Crash helmets for dogs
Crash helmets for dogs? It’s not something that I have come across before but my dear new friend Tracy, still a friend despite my honest assessment of her homeland, the north of England, as a tundra strewn backward wasteland, decided to bring her little dog over to visit yesterday. The dog in question is tiny, a dachshund or shitehound as I like to call it, and does not have enough meat on her even to fill a decent sandwich. She (the dog) often travels on their motorbike owned and ridden by her partner,the impossibly good-looking Pascale the pilot, whom I had earlier allowed to defeat me on the tie break on the tennis court at the Vignale in Plascassier. You may consider that I should expect to lose to a man sixteen years my junior, who had been coached by his tennis coach father, but I had a match point which he won with a fluke. Angry?, me? of course.
Anyway back to the dachshund. It is a German breed, as many will know and displays a number of traits displayed by his fellow countrymen, you know the sort of thing, eating sausages, a guttural bark, obeying the law, that sort of thing, so her demand for a crash helmet should not have been a surprise, and I have been promised a picture of her wearing it, once she has taken delivery.

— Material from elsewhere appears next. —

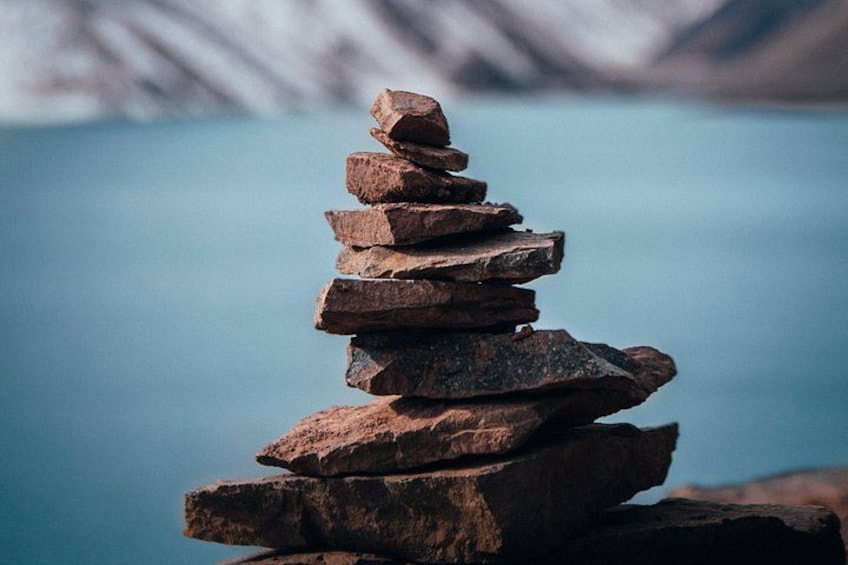 A stack of rocks by a body of water with mountains in the background. 2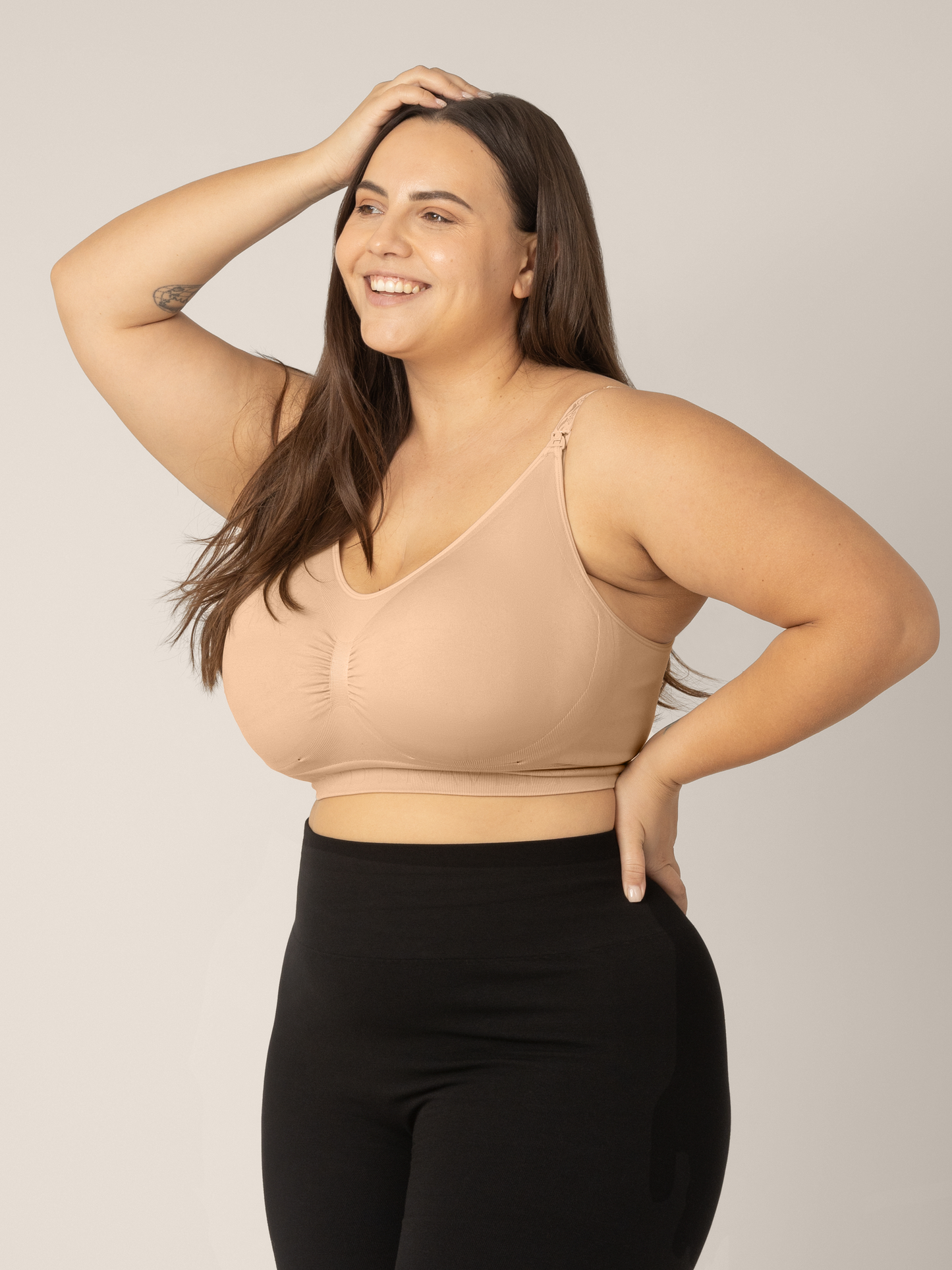 Side view of model wearing the Sublime Nursing Bra in beige showing the Super-busty size range.@model_info:Anna is wearing an X-Large Super Busty.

In the meantime, I managed to snap her indulging in that most irritating of German habits, getting her towel on the beach lounger before anyone else.
As it was a bank holiday here in France, the start of the traditional two-week shut down of almost everything in France, I was forced to abandon my quest in pursuit of new customers for Currencies Direct, mainly because our visitors yesterday are already clients.
Last night we took the train to see the fireworks in Cannes to avoid the general madness in Valbonne due to the circus being in town and the Festival of St Roch. Cannes has a series of fantastic firework displays each week during the summer, with some kind of competition between nations to see who is the best. Last night it was the turn of Russia, but how you compare one display with another over a six-week period escapes me. Previous experience has allowed is to know where best to be situated, and our favoured position is on the street outside the bar of the Irish pub The Quays on the port of Cannes. It would be rude not to sample some of their wares, so Guinness was required to be drunk.
The train is the obvious way to get into Cannes as the town gets completely gridlocked as tens of thousands of people descend for the spectacle. All went well until about 2000 people were waiting for the last train up the hill to Mouans Sartoux and Grasse. A four carriage unit pulled in on time and it was quickly obvious that not everyone to get on, but within ten minutes, a double sized train replaced the smaller unit and everyone got on. can you imagine that flexibility on the English railways? no, neither can I.
Today I will be forced to venture in to Valbonne, as old friends Nigel and Leslie Rowley who are staying in the area have expressed the wish to have a look around, and it is my duty to be chauffeur, a small price to pay for the Lords tickets (no Reverend Jeff, this is not what you think) and an offer of free accommodation in Kenya in late November, both of which emanated from these guys. Me, a mercenary tart? No question.